While the new free program has been built according to the new rules (trimming the men’s free skating from 4.30 to 4 minutes), there are still open questions for the skater and coach. “We are still in a state of uncertainty as the ISU Congress didn’t happen yet and nobody didn’t say anything clearly about the next season,” Kolyada observed.

He feels that the four-minute program will be harder than the four minutes 30. “Now I think for most (skaters) there won’t be a break, because there is not enough time for all the jumps and spins. They took out one jump and took away 30 seconds, but one jump doesn’t take so much time, therefore the program will be more intense, that’s for a 100 percent sure,” he pointed out. “When we skated in juniors, we had that (4 minutes free program). I’ve been skating in seniors for almost six years and now I have to remember how that was (in juniors).”

The charismatic skater is not ready to reveal his music choice yet. “I can say that it will be a very well known, very powerful music and it is in the classical direction,” Kolyada said, adding that he selected the music himself. “I’ve liked it for a long time and I thought, ‘why not take it?'”

“I think it will be good, because I feel this music,” he added. “I like it and I think that I’ll be able to get into the role, although I’m not similar to the character that I’ll portray.” The skater likes to keep it secret for now, “maybe to create some intrigue,” he said with a laugh.

Kolyada is in the last stage of his studies and will have to defend his thesis on the jumps in figure skating in the middle of June. “Then I hope that’s it! Ten years in school and six years in university is a lot,” he joked, but at the same time he has no regrets to have studied. “Anyway it is interesting, it’s new knowledge that you can use in life. It is not for nothing.”

The athlete feels that he has changed quite a bit over the last year. “I’ve grown up a lot. It was such an intense season, a lot of events, it was a very interesting and hard (season). The experience of life is adding up little by little and with that season, it has become more. I started to look at some things in a different way. It has been a tough path,” he shared.

There were highs such as winning his first Grand Prix event, the Cup of China, qualifying for his first Grand Prix Final where he won the bronze medal, and defending his national title. However, there were also disappointments such as the less-than-perfect performances in some competitions, in particular, the tough short program in the team event at the Olympic Winter Games. After this performance, Kolyada was deluged with criticism, scorn and even hate by Russian media and fans, but received support from his teammates and people close to him.

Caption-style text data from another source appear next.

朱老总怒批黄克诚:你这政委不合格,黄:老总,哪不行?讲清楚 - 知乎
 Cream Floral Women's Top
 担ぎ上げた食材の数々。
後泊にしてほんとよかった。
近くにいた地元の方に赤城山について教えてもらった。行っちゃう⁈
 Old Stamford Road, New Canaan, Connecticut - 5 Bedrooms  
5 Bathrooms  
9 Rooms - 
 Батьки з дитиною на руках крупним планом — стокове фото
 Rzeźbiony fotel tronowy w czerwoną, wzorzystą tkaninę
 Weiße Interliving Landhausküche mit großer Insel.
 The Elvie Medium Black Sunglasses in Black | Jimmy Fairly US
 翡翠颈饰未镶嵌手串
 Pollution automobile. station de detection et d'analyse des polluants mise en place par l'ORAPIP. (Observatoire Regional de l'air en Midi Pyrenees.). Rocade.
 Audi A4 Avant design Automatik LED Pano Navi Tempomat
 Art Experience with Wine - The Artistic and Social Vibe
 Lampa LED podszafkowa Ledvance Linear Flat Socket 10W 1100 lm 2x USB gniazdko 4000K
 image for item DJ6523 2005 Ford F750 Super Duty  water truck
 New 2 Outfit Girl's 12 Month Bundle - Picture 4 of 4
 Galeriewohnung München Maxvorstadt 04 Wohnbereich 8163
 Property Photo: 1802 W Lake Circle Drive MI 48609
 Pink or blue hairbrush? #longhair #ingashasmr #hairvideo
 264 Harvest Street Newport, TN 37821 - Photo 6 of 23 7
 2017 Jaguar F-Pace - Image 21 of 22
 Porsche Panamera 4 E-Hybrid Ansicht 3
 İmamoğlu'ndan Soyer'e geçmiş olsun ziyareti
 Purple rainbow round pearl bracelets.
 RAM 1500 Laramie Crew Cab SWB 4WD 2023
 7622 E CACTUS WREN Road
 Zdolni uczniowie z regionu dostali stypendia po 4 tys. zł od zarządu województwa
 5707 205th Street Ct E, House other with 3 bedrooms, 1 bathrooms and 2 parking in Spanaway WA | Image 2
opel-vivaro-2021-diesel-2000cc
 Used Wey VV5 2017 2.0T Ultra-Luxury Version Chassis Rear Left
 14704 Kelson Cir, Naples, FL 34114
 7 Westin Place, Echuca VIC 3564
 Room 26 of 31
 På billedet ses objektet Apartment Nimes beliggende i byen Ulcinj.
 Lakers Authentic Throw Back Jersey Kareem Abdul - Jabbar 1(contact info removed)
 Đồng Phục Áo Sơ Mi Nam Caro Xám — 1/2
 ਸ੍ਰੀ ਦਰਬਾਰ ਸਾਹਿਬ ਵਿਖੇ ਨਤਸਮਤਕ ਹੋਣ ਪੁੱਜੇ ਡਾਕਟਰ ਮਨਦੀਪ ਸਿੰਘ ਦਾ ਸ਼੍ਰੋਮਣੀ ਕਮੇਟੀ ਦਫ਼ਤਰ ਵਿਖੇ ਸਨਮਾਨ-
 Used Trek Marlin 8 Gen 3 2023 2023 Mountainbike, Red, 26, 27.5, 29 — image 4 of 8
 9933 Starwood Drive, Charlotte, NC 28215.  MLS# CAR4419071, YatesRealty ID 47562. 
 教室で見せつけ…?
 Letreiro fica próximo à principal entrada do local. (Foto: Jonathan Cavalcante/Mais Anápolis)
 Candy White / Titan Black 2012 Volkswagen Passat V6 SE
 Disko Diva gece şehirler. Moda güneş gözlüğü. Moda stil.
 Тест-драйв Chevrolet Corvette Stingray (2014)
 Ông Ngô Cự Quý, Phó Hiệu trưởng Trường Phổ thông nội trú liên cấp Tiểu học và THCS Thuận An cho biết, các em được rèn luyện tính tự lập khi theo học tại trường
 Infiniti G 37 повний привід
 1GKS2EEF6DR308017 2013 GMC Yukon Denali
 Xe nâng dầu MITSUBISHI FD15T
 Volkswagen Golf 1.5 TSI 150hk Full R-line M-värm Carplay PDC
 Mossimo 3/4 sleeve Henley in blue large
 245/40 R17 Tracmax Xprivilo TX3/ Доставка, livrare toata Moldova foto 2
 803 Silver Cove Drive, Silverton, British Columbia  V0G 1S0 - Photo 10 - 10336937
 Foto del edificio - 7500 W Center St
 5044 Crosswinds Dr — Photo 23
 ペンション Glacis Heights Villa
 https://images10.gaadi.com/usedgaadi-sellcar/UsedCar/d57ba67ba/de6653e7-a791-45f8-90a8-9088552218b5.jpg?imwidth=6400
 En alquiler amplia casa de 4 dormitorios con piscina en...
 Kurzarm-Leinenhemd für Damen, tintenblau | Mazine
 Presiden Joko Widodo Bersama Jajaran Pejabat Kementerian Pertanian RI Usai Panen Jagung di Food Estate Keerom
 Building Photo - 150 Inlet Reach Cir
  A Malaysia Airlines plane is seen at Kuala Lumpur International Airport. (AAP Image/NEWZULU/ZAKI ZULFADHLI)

“It was very tough on that day after the short program,” he recalled. “I don’t remember how I went back home to my bed, because I was totally devastated. I didn’t want anything – not to skate, not to live, not to eat, not to sleep, nothing. Those who could, helped. Of course, everyone there (in the team) helped. Someone wrote to me, someone called and all that helped little by little. Somehow I was able to recover and went out in a different way for the free. I later watched the performances and really, if you look at the short and the free, it is like two different people are skating.”

Looking ahead, the World bronze medalist will debut his programs at the Russian test skates at the beginning of September in Moscow and plans to compete at two Challenger events, probably Ondrej Nepela Trophy and Finlandia Trophy or Tallinn Trophy, and then the two Grand Prix events. If he was able to choose one, he’d like to go to the Cup of China again.

“As usual we’ll test different options,” he concluded. “In one competition, we’ll skate with these jumps, and in others with other jumps. The (judging) system is a bit new and everyone will get used to it. You can say it is a kind of trial season. It will be hard as always, but interesting.”